● PROBLEM REQUIREMENTS
Find the line with "10088 Paradise Blvd, Treasure" in the records below. Copy it and every line after it, up to and including the line with "Reinaldo Rueda en el partido ante Perú".

● THE DATA
§
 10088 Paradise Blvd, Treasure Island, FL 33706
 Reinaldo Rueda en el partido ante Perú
§
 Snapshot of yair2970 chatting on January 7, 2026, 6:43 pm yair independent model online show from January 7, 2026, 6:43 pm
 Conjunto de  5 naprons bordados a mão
§
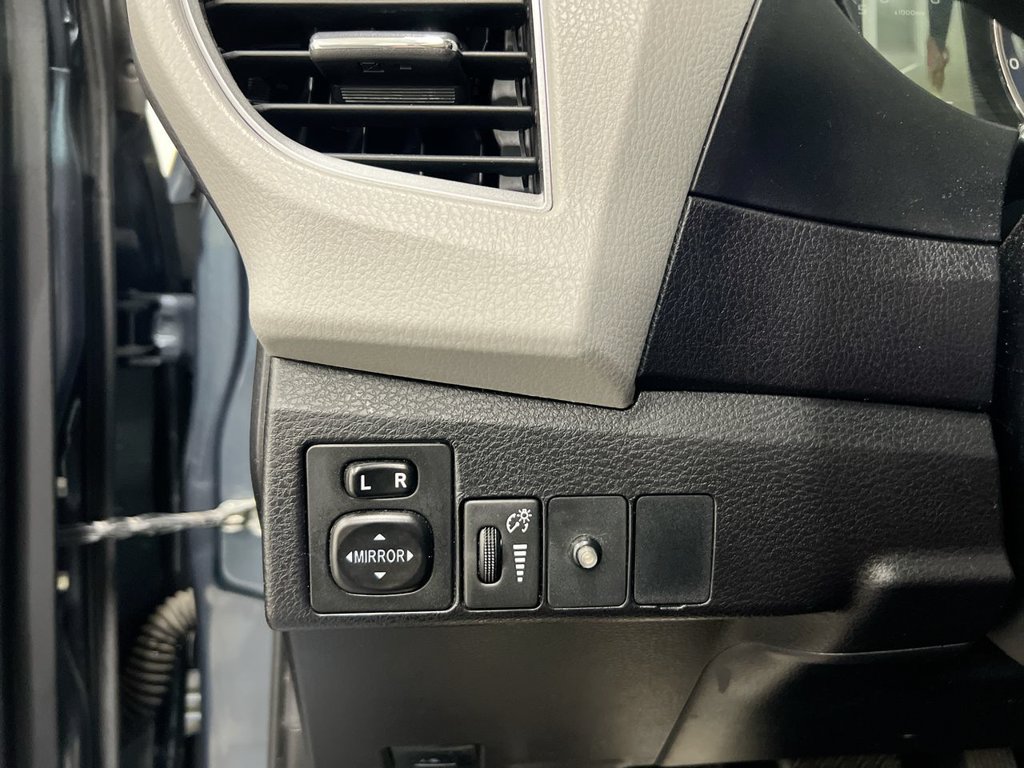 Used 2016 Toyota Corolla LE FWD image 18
§
● SOLUTION FOR THIS EXERCISE
 10088 Paradise Blvd, Treasure Island, FL 33706
 Reinaldo Rueda en el partido ante Perú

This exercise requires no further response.